Correlation and causation explained

Author: Priyantha Wijayatunga

Photo by Victorgrigas courtesy of wikimedia

Though the word correlation means usually how two quantities vary together, perhaps it may be due to extensive use of Pearson’s correlation coefficient. It is often associated with a linear relationship between the two. Even many scientific people misinterpret zero correlation as independence of the two quantities forgetting about what it really means; there is no linear association between the two quantities concerned.

Furthermore many confuse correlation with causation, i.e., many interpret non–zero correlation as an implied causal relationship. There are many examples of it even in scientific literature. Here our point is not to discuss all these misinterpretations, but to look at another thing on correlation, that is also related to causation in some sense.

In our day–to–day life, causation is transitive: that is, if one thing, say, A causes another, say, B and this B also causes a third, say, C, then we are ready to accept that A causes C. Of course, this concept is quite familiar to most of us and it is often called indirect causation. Such a relationship is said to have the property of transitivity.

But then what about the correlation: more precisely, if A and B are positively correlated and B and C are positively correlated then are A and C also positively correlated? Is the positive correlation is also transitive? For example, if the price of stock B increases along with the price of stock A, and the price of stock C increases with the price of the stock B. Then is it the case that the price of the stock C increases with the price of the stock A always?

Yes, one may jump into conclusion that they do so. Not because of he/she may be thinking about Pearson’s correlation coefficient, but it may due to thinking in line with causation. In fact, if one knows about Pearson’s correlation coefficient he/she may not conclude so. An article by Langford, Schwertman and Owens in The American Statistician gives rather deep look at the problem. But thinking in terms of causation one often concludes that A and C are also positively correlated always, i.e., the price of the stock C increases with that of A, always. But, since causation and correlation are two different things there is no assurance that a property of causation is also held in correlation.

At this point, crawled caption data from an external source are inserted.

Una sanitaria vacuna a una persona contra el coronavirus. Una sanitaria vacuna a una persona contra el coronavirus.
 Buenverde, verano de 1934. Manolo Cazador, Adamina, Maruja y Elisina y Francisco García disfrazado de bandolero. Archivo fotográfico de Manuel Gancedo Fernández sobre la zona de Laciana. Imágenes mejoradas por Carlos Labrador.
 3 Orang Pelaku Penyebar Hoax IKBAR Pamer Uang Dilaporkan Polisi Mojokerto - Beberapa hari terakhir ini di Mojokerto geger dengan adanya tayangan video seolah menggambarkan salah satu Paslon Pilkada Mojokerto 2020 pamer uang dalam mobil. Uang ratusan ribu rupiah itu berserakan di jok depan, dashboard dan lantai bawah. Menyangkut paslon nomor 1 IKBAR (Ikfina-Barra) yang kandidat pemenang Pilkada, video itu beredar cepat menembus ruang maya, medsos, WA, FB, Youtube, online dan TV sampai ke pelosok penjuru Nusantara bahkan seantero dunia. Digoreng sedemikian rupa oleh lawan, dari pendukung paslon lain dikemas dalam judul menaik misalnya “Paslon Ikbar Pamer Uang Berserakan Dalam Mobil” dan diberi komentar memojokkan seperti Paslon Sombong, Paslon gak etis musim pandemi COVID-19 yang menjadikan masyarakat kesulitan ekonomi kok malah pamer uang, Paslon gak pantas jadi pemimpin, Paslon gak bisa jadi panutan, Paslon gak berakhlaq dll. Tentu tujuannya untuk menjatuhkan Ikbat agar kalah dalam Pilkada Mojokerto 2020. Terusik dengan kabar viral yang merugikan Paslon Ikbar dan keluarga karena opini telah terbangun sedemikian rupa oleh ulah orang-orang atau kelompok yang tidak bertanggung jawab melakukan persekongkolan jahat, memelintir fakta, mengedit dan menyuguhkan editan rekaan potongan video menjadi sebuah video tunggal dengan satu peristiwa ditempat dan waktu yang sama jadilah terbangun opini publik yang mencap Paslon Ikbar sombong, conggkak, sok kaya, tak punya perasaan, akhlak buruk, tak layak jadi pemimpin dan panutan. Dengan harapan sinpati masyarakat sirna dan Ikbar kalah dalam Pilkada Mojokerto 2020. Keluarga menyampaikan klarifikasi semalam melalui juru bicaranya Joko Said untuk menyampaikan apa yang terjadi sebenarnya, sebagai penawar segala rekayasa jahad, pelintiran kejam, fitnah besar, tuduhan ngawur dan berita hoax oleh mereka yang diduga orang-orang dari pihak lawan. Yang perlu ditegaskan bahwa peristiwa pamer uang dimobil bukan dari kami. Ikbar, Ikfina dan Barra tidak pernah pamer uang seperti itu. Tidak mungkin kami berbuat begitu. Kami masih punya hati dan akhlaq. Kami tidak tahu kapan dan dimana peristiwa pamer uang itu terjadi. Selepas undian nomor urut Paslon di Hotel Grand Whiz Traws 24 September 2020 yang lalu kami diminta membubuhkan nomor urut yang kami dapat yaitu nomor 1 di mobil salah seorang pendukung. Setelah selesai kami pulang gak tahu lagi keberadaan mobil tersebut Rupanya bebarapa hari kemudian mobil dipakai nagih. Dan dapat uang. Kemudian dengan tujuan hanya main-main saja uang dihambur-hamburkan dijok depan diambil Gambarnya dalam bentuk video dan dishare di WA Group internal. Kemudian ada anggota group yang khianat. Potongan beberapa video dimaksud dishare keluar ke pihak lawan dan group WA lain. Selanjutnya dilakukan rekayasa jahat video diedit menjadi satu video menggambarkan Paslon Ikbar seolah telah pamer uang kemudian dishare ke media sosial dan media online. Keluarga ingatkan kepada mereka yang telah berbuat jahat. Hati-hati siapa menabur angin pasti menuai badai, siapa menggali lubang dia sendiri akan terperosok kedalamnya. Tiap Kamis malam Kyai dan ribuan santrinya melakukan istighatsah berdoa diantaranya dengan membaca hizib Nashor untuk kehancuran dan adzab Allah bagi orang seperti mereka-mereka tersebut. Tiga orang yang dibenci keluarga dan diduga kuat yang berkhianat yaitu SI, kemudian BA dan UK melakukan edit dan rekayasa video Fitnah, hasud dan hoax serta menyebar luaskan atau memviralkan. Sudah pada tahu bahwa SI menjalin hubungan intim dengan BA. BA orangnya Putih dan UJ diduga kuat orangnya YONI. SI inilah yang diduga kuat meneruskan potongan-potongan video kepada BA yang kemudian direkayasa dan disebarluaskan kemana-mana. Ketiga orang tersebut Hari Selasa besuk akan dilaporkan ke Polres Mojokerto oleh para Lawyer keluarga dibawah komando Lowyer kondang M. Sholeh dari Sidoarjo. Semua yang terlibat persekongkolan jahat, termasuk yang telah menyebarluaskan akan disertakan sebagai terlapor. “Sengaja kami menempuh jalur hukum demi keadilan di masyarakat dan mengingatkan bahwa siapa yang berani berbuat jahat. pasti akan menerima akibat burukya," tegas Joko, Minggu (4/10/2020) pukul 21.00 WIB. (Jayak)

Let’s get back to the above article, in this they use the data for all of the New York Yankees players with at least 300 “at bat” at the end of the year 2000 regular baseball season. “At bat” means a batter facing a pitcher, so each batter listed has at least 300 times of facing pitchers. As authors describe the variables X, Y and Z represent the number of triples, base hits and home runs for the players where each row corresponds to one particular player with his name also are shown. In baseball a hit is called a base hit, a triple is an act of a batter reaching safely the third base and of a home run is a score that the team gets when a batter is able to reach home safely in one play. The data is shown in the following table and the graphs are drawn between each pair of variables to see how they vary among themselves, for example the graph in the middle shows how the number of home runs (Z) changes with the number of base hits (X) for the players. They increase linearly with each other, but you may notice that it is not a sharp relationship between them.

It can be found that Pearson correlation coefficient between X and Y is 0.526, that between Y and Z is 0.293 but that between X and Z is -0.096, a negative correlation. That is the first two correlations are positive but the third is not a positive one, therefore it is not a transitive relation. But if one guesses that fourth player is an outlier (he has rather high Z value when taken with his X value compared to others) the above correlations become 0.559, 0.321 and 0.067. That is, when first two correlations are improved to some extent, that is, if they are made more positive and then the third also becomes positive thus giving the transitivity property.

So one may think that every correlation triplet such as above can be made to follow transitivity property, at least in cases where there are enough data cases to delete such suspected outliers so that first two correlations can be improved. Indeed this is true when the linear relationship between the first two pairs, namely, X and Y and Y and Z are adequately strong, i.e., when they are rather high positive correlations. The authors prove a theorem that says P2xy + P2yz + P2xz ≤ 1 + 2Pxy Pyz Pxz where Pxy stands for the correlation coefficient between X and Y and similarly the others.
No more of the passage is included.